Endothermic Foaming Agents - In the USA there are 10-14 endothermic suppliers at any one time. Some drop out and new ones enter into the market. Mortile has a superior product due to certain proprietary techniques and are very competitive. The main competition comes from Clariant who sell color concentrates and can offer a package, which gives them the edge. They are a large company and offer extended credit which Mortile will not entertain.

From the correspondence received from Europe it is obvious that Boehringer Ingelheim is the main competition having grown from 3000 to 6000 tonnes very rapidly. They are heavy in pharmaceuticals and will probably look for more margin than Clariant. At this stage we do not know the European maret but our distributors do and they remain very optimistic.

The new Group with their operations in South America, where the market to a large degree is not as competitive as North America, should move rapidly.

Lightweight Foams - In the commodity shoe sole product there is competition but in the high temperature product indirect inject, we know that we have no competition. Direct inject machines can not mould any resins other than EVA this gives Mortile an enormous market edge with a long R&D curve before competition is our concern.

(20)

Mortile has enormous technology advances over the potential competitor even if they attempt to speed their way into a fast-track approach since there are no merger or acquisition opportunities available.

REGULATIONS, TOXIC MATERIALS & KYOTO PROTOCOL

Mortile Industries Ltd does not make use of chemicals classified under the Hazardess Materials Act nor does it manufacture weapons, armaments, explosives or products which emit toxic fumes under combustion. The Company's proprietary formulations are non-toxic and in all cases fall under the category G.R.A.S. (generally regarded as safe). In-house formulations emit no toxic fumes and smoke while being manufactured nor do they emit toxic emissions under combustion.
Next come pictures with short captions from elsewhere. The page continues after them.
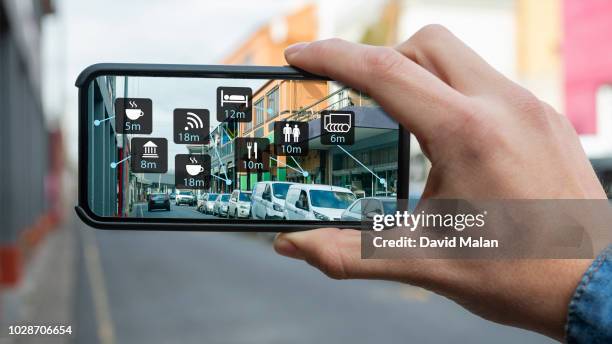 augmented reality of a city street shown on a mobile device. - augmented reality stock pictures, royalty-free photos & images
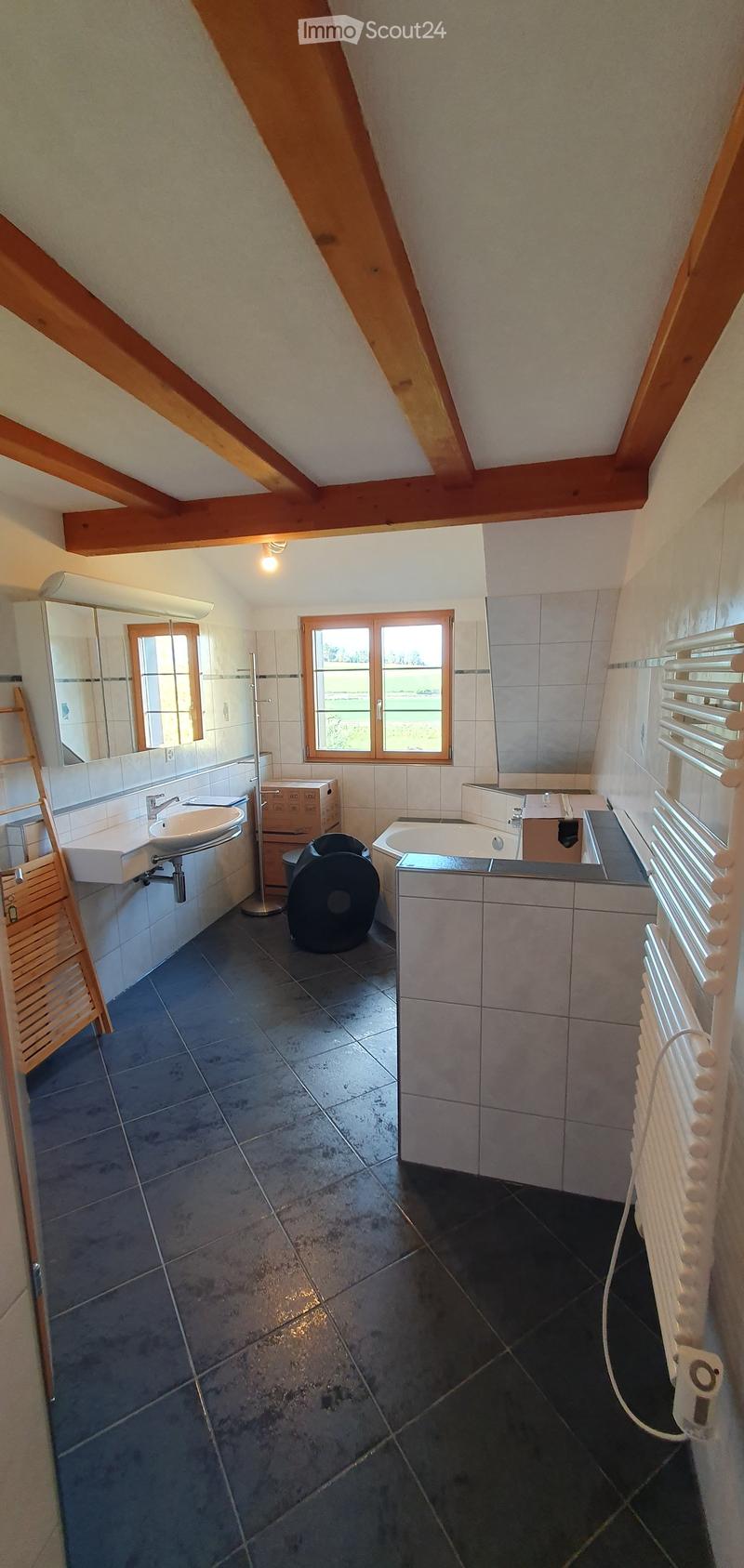 Bathroom with dark tiled floor, white tiled walls, sink, bathtub, mirror, radiator, and a wooden stool.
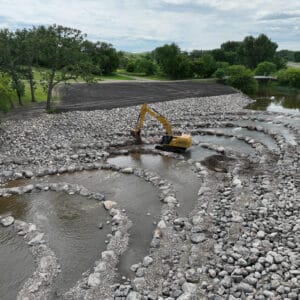 Excavator placing rocks in Goose River for rock riffle design from deconstructed dam.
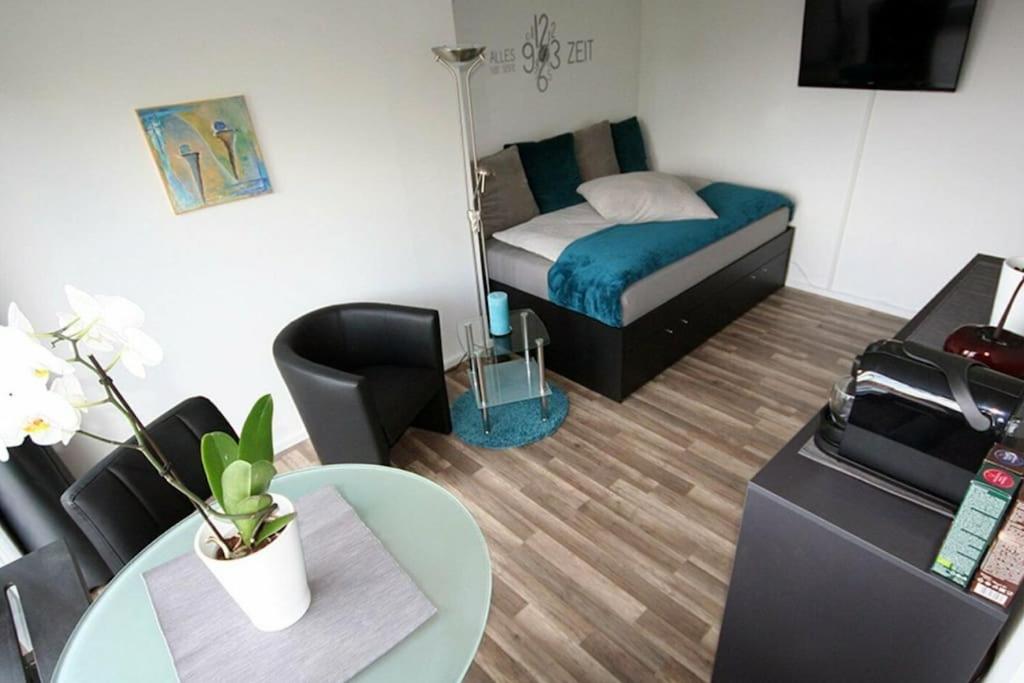 a small room with a bed and a table at Moderne Wohnung mit Wellnessdusche und Strandkorb in Braunschweig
Mortile's formulations contain no vinyl or urethanes, but can be substituted for these materials. Both vinyl and urethane are being phased out in Europe and are under extreme environmental pressure in North America. These material emit toxic fumes during manufacture and may no longer be incinerated or added to the waste stream.

RISK & OPPORTUNITY

The rising oil prices are pushing up the costs of resin and foaming is a way to reduce weight and save on resin.

We do not see any risk other than apathy and reluctance to change slowing our penetration of the market at the rate we would like to achieve our growth potential. We have three major technologies based on our compounding knowledge and skills each of these products has many different applications in the market place. We do not rely on a single application to obtain sufficient market share to provide profits and cash surpluses to pay down debt.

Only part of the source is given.